WHAT NEEDS TO BE DONE: Nothing in the entries may change when you repeat them, and no images may appear.

EXERCISE INPUT:
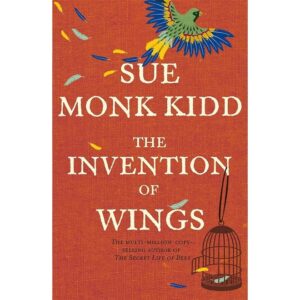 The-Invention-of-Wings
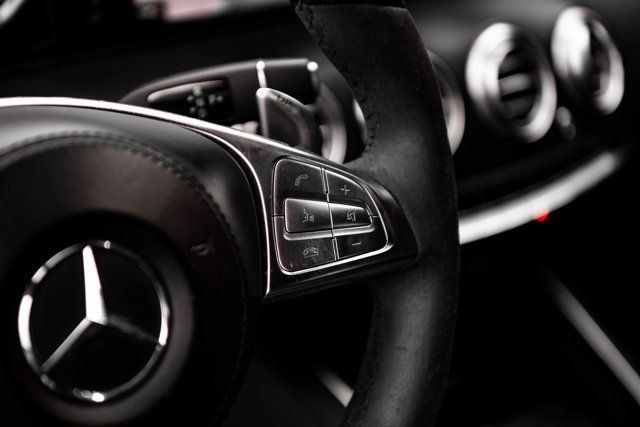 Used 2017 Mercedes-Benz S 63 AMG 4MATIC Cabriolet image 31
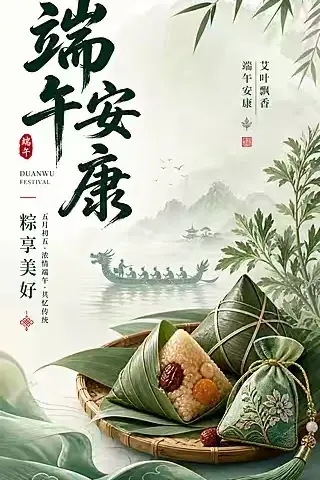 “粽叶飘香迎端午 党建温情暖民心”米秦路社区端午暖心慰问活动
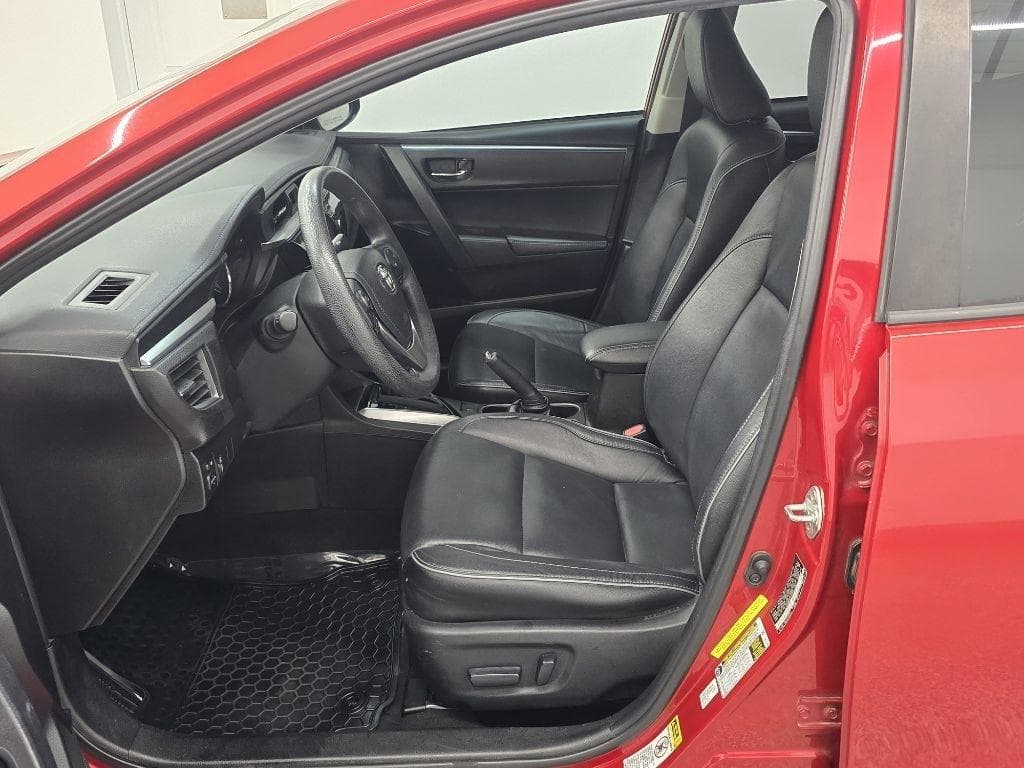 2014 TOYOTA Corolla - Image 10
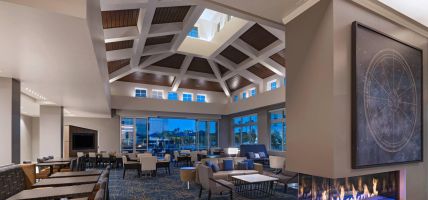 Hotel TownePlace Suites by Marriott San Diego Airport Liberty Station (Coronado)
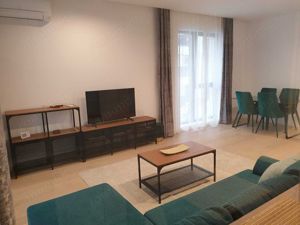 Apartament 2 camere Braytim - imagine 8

WRITTEN ANSWER:
 The-Invention-of-Wings
 Used 2017 Mercedes-Benz S 63 AMG 4MATIC Cabriolet image 31
 “粽叶飘香迎端午 党建温情暖民心”米秦路社区端午暖心慰问活动
 2014 TOYOTA Corolla - Image 10
 Hotel TownePlace Suites by Marriott San Diego Airport Liberty Station (Coronado)
 Apartament 2 camere Braytim - imagine 8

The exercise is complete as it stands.